Nevertheless, in practice, statelessness is often accompanied by the deprivation of a host of basic rights and discriminatory treatment, particularly with respect to labour rights, freedom of movement and property rights. According to the former UN Special Rapporteur on the Rights of Non-citizens:
There is a large gap between the rights that international human rights law guarantee to non-citizens and the realities they must face. In many countries there are institutional and endemic problems confronting non-citizens. The situation, however, has worsened as several countries have detained or otherwise violated the rights of non-citizens in response to fears of terrorism.

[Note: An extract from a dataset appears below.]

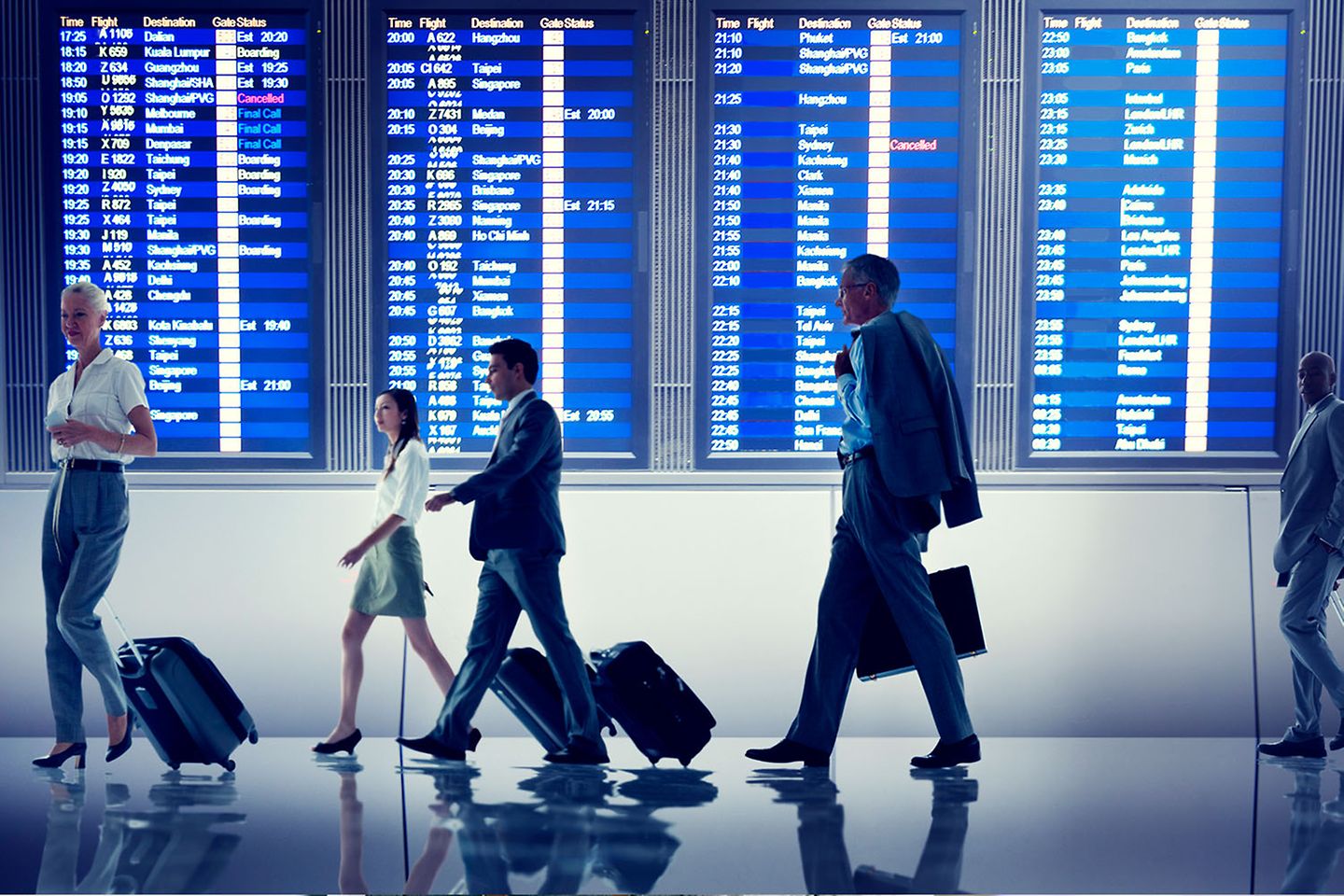 Personas ajetreadas con maletas delante de una pantalla de información sobre los vuelos grande
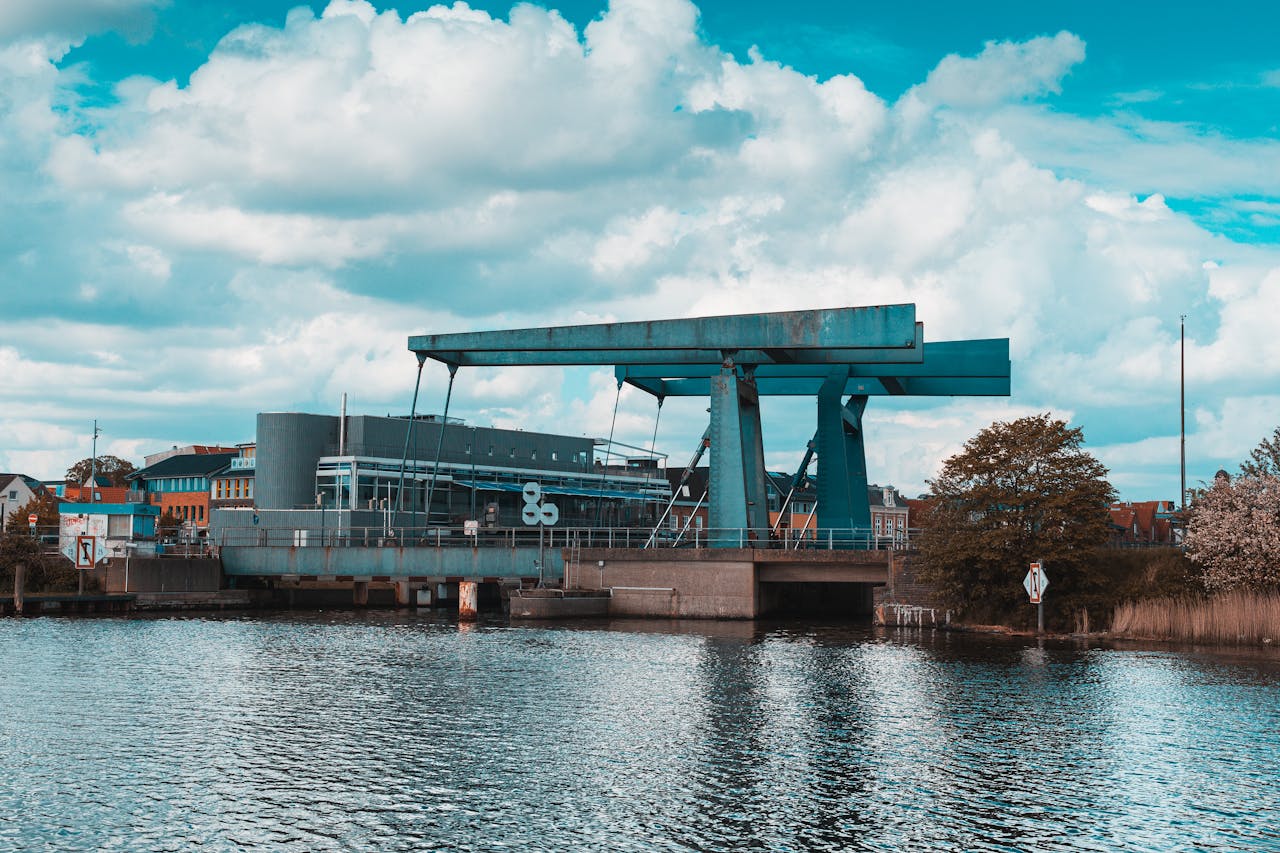 A modern urban scene with industrial structures by the water under a bright blue sky.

Continued discriminatory treatment of non-citizens demonstrates the need for clear, comprehensive standards governing the rights of non-citizen, their implementation by States, and more effective monitoring of compliance.
An indication of how little attention the international community accords to non-citizens generally, or stateless persons in particular, is that the mandate of the UN Special Rapporteur on Non-citizens was not renewed when it expired April 2004, largely because the Special Rapporteur had completed his study and renewal of his mandate would have meant creating a more active, monitoring role.
States are often reluctant to acknowledge the presence of stateless persons on their territories. They are rarely counted in official government statistics as a resident category. More often, they are counted as undifferentiated “aliens”, if their presence is recognised at all. While the exact number of stateless people is not known, research by Refugees International (RI) found:
- In Bangladesh, more than 250,000 Biharis (also called ‘stranded Pakistanis’) live in 66 squalid camps established more than 33 years ago: both Pakistan and Bangladesh refuse to offer them citizenship.
- More than 140,000 of the Russian-speaking minority residents left behind when Estonia entered the European Union are finding it hard to obtain citizenship due to difficulties passing stringent language requirements.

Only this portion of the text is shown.